| GIVEN DATA |
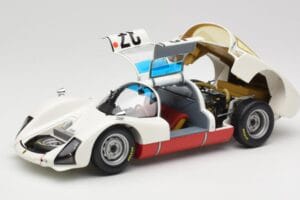 Porsche 906 K #37 V. Elford / B. Pon Porsche System 24 Hours of Le Mans 1967 Minichamps 1:18 100676137 Metalas - nuotrauka 2 iš 8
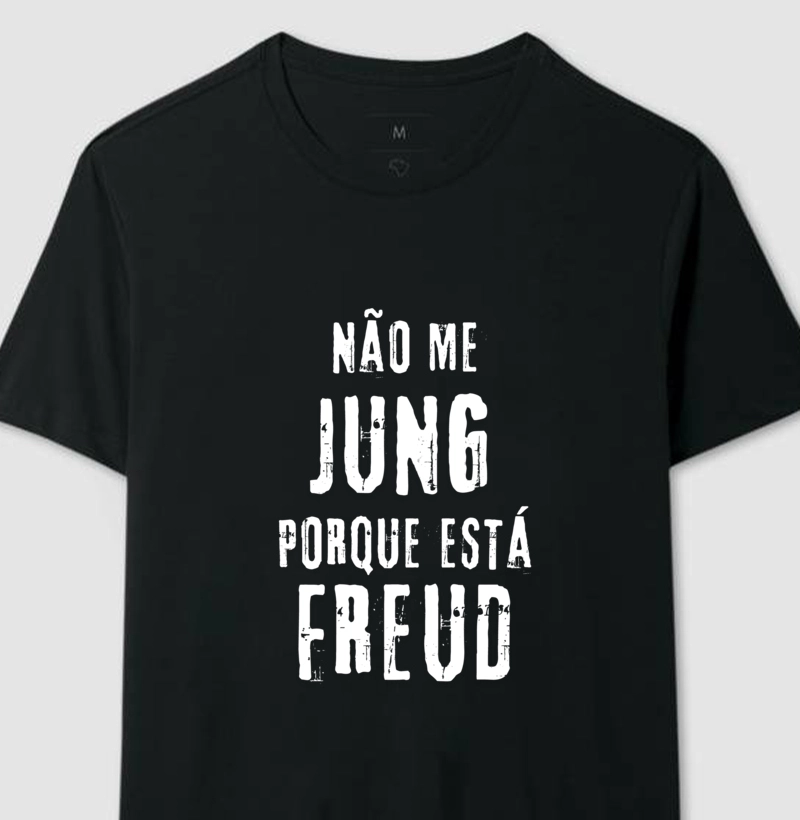 Não me Jung Porque Está Freud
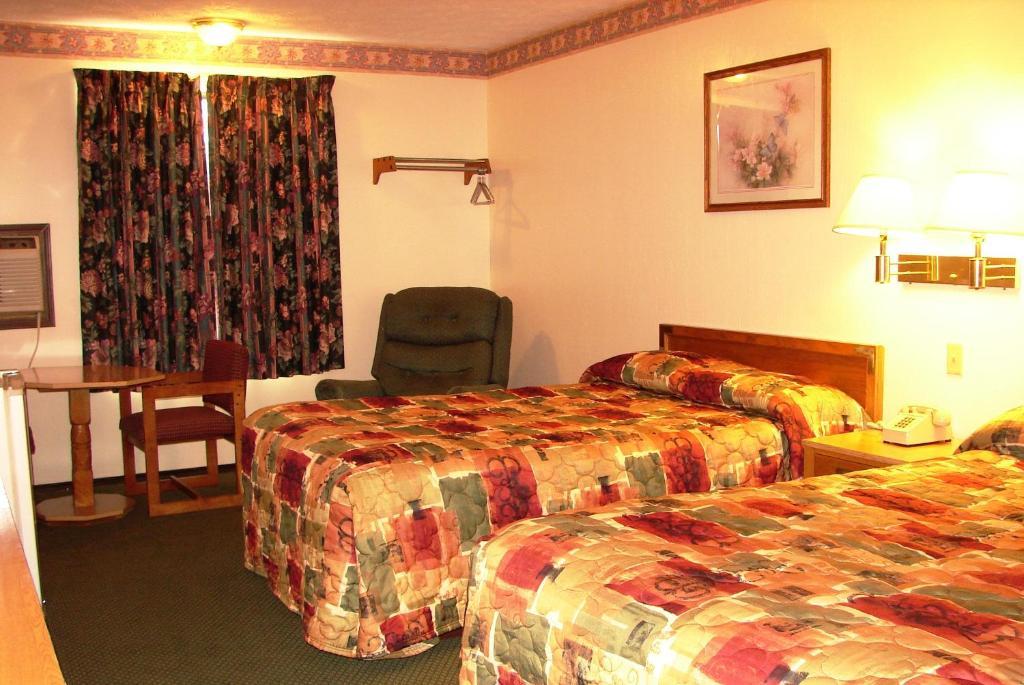 Baxter Inn 4 Less Baxter Springs Chambre photo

| ACTIVITY |
Quote the listing above in full, except for the pictures.

| RESULT OF THIS TASK |
 Porsche 906 K #37 V. Elford / B. Pon Porsche System 24 Hours of Le Mans 1967 Minichamps 1:18 100676137 Metalas - nuotrauka 2 iš 8
 Não me Jung Porque Está Freud
 Baxter Inn 4 Less Baxter Springs Chambre photo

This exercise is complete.